WHAT THE TASK REQUIRES: Work through the listing below and give again exactly the lines from the one with "Used 2022 GMC" to the one with "Moult – wholesale", both ends included. All other lines and all pictures stay out.

SUPPLIED INFORMATION:
################

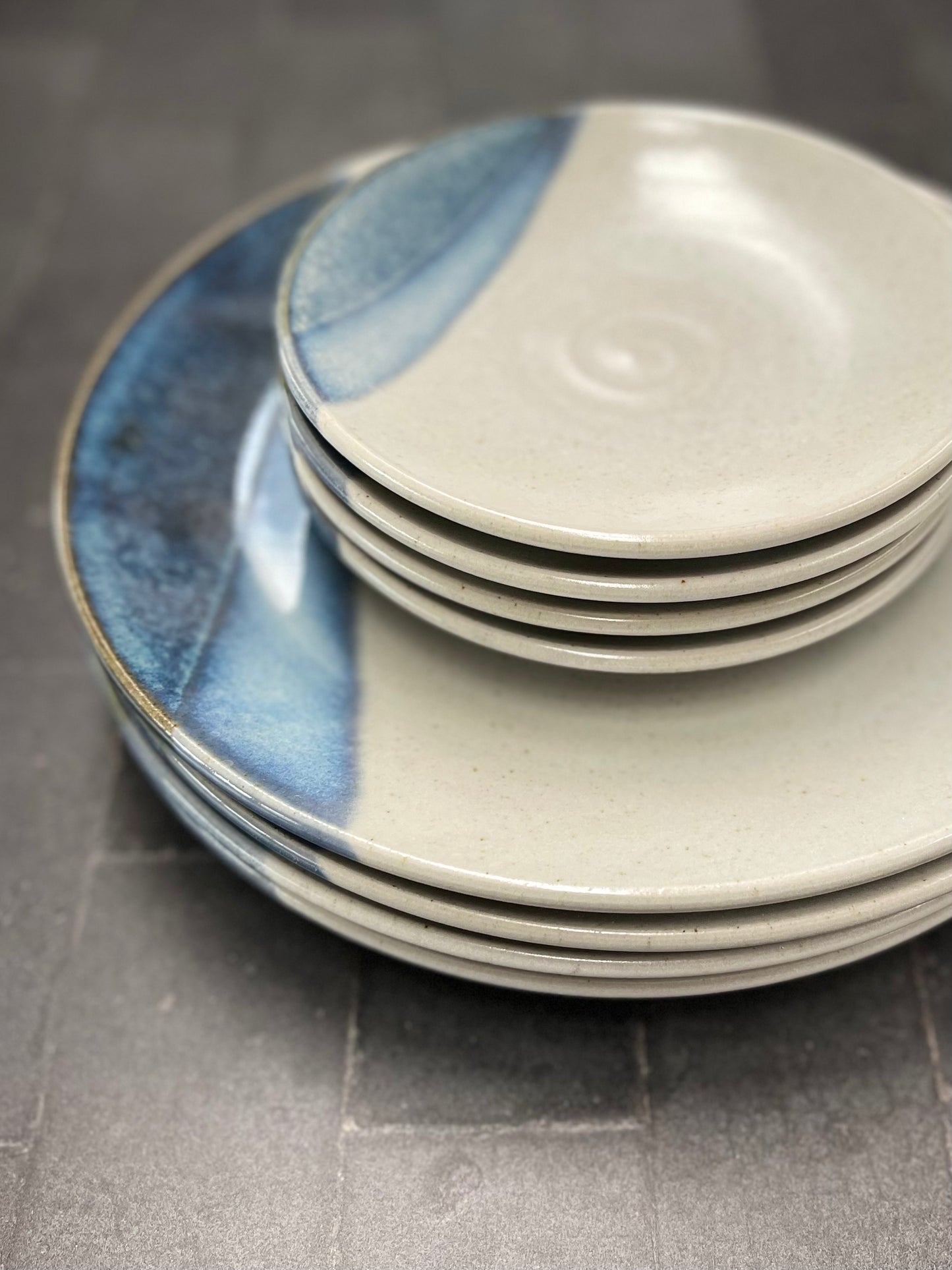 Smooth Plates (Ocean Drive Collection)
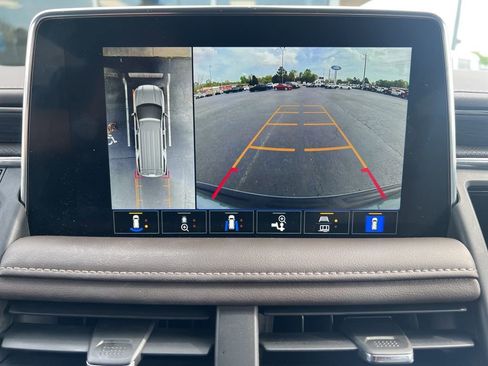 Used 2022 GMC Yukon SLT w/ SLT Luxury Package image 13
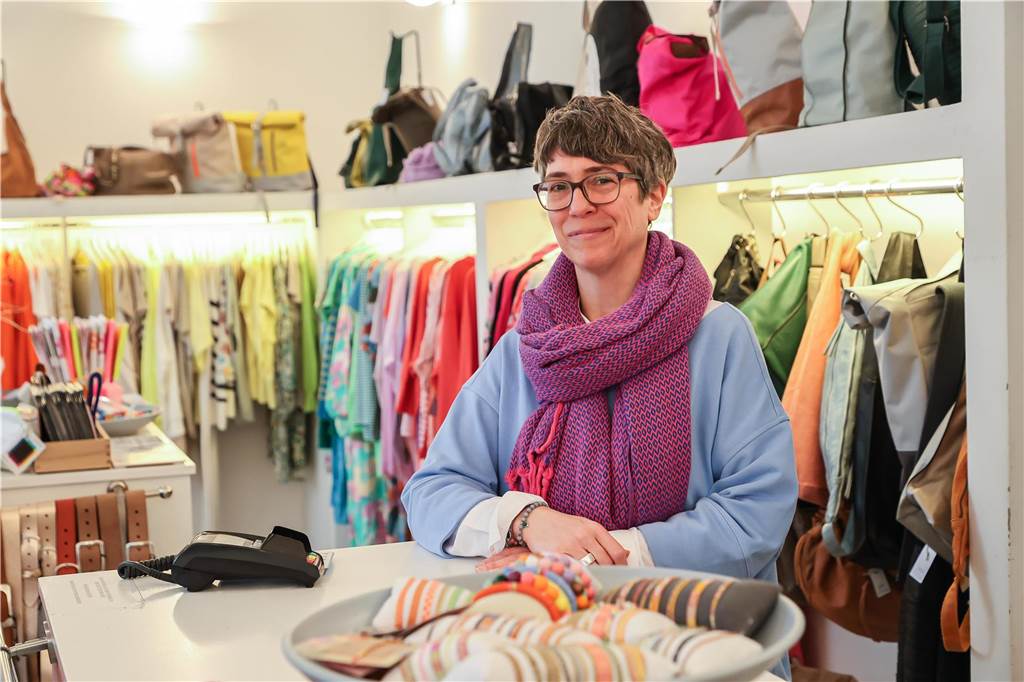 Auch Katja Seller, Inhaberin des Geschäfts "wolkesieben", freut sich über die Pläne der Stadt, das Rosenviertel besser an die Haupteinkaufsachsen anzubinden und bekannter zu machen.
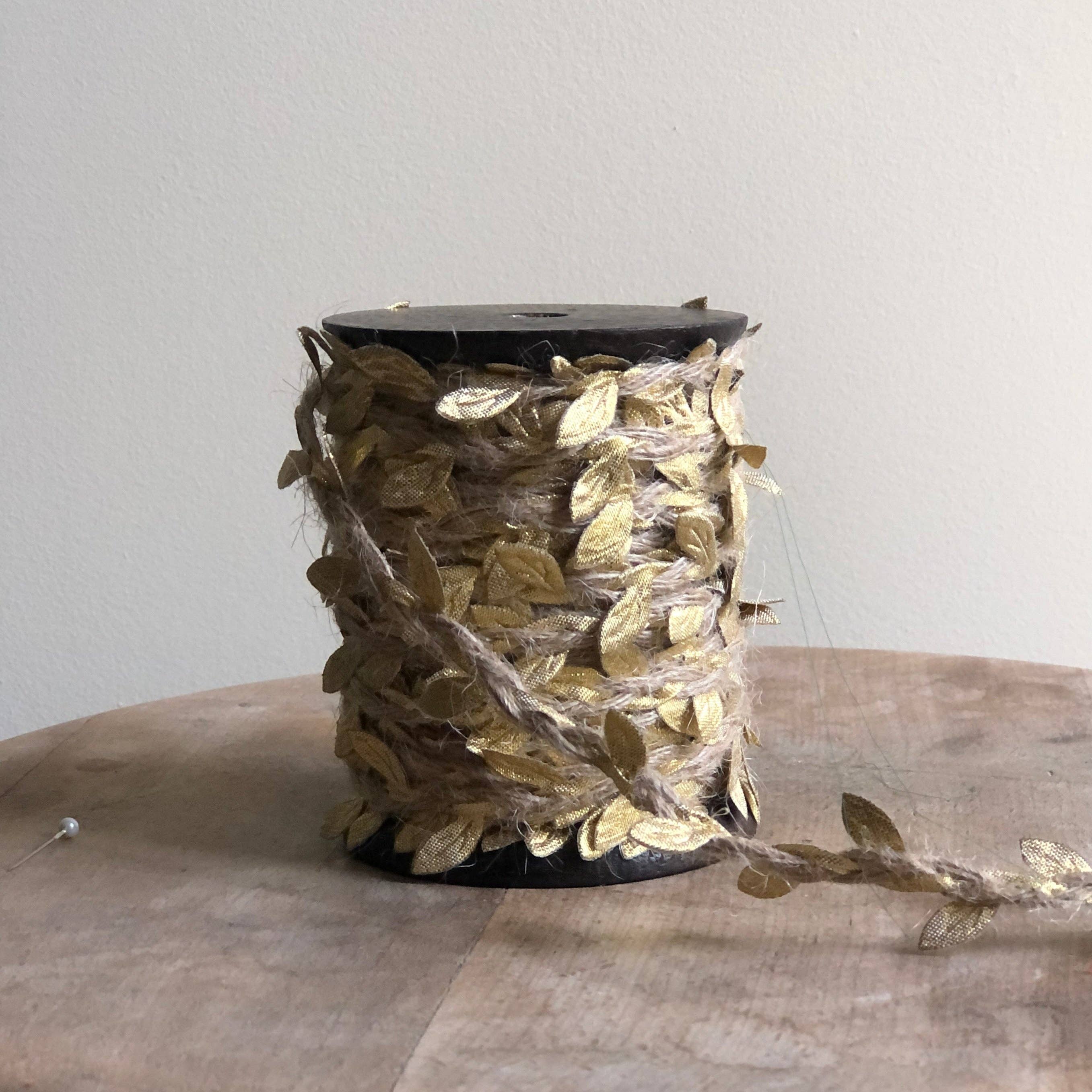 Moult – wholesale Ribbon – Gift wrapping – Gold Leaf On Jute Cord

################

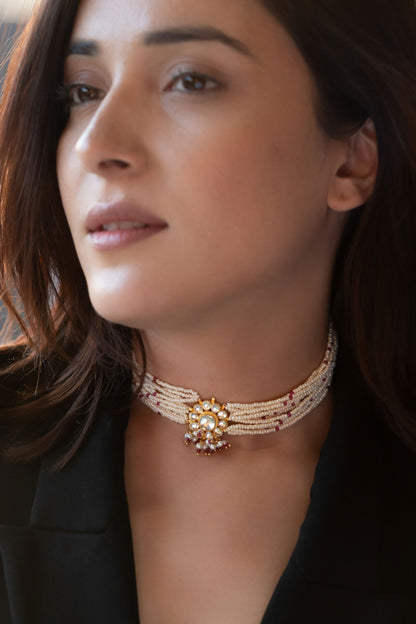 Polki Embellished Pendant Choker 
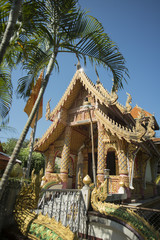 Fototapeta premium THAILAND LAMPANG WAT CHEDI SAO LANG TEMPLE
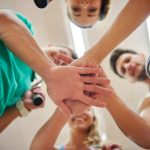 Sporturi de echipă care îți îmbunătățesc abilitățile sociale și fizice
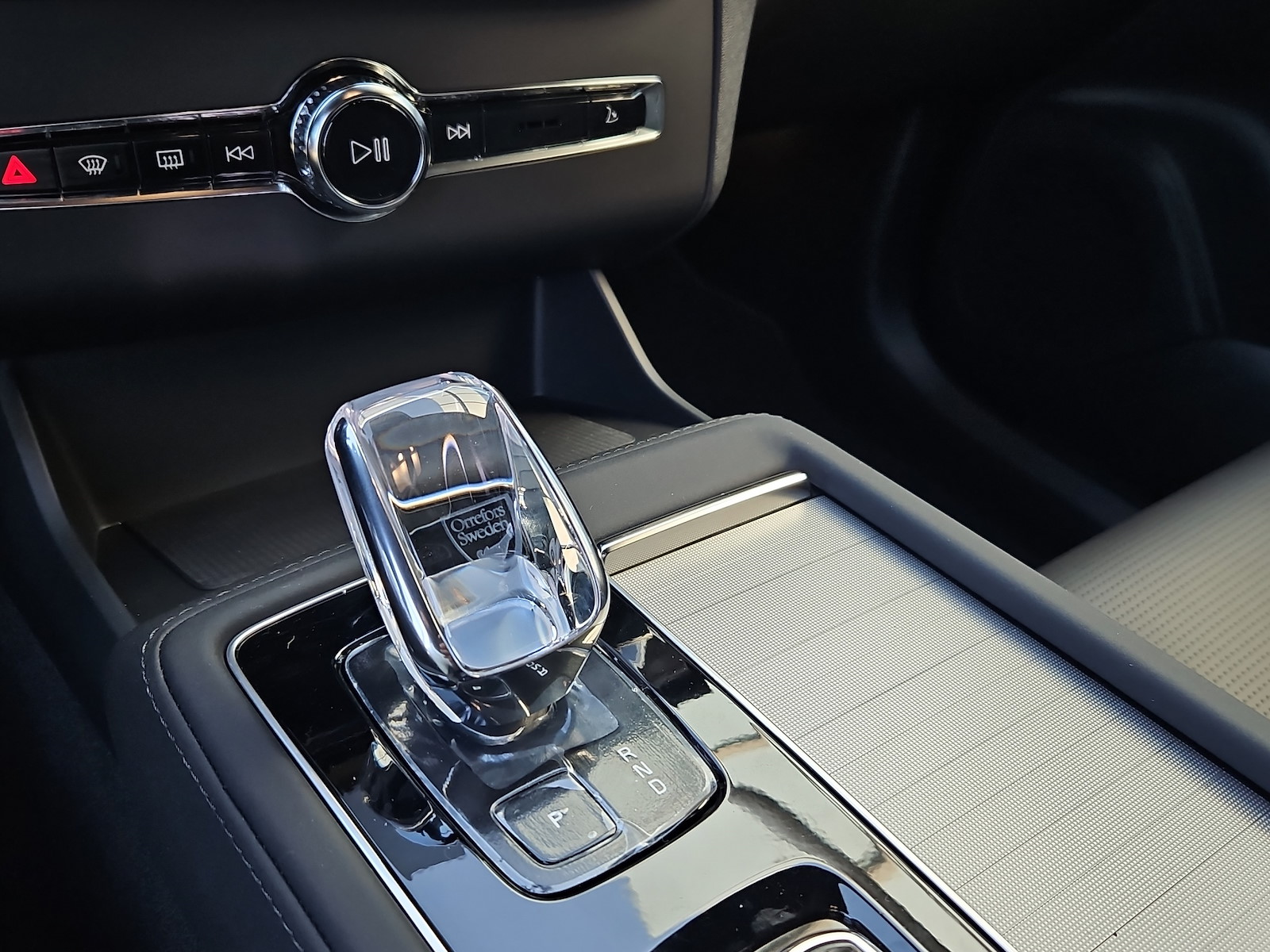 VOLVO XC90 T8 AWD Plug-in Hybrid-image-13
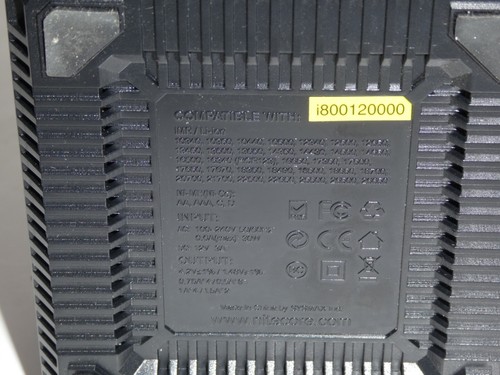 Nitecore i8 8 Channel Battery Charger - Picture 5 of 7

################

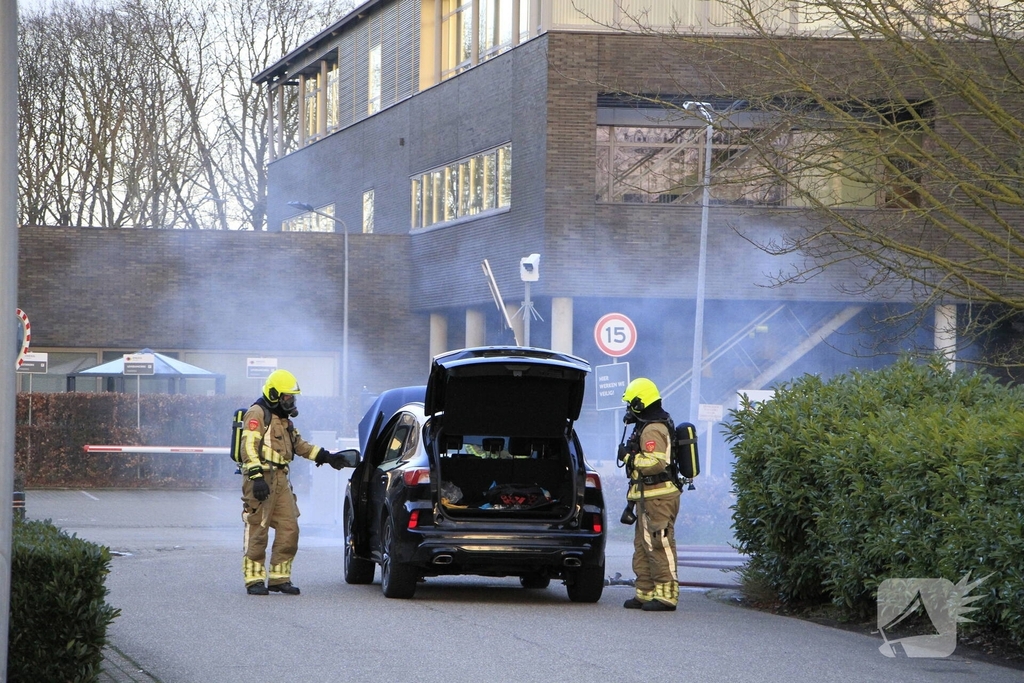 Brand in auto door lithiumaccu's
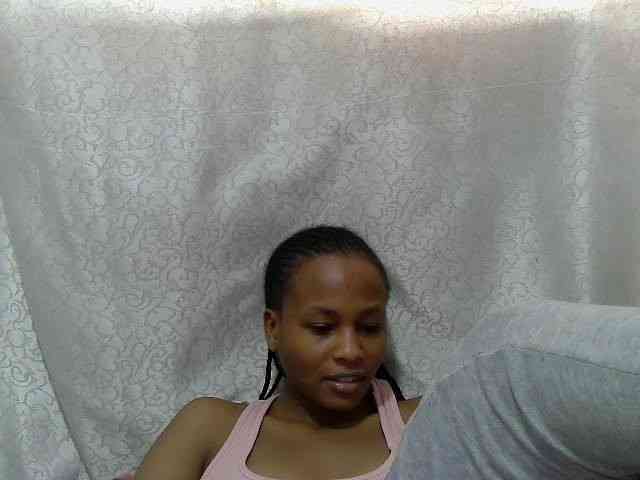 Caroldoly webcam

################

RESULT OF THE TASK:
 Used 2022 GMC Yukon SLT w/ SLT Luxury Package image 13
 Auch Katja Seller, Inhaberin des Geschäfts "wolkesieben", freut sich über die Pläne der Stadt, das Rosenviertel besser an die Haupteinkaufsachsen anzubinden und bekannter zu machen.
 Moult – wholesale Ribbon – Gift wrapping – Gold Leaf On Jute Cord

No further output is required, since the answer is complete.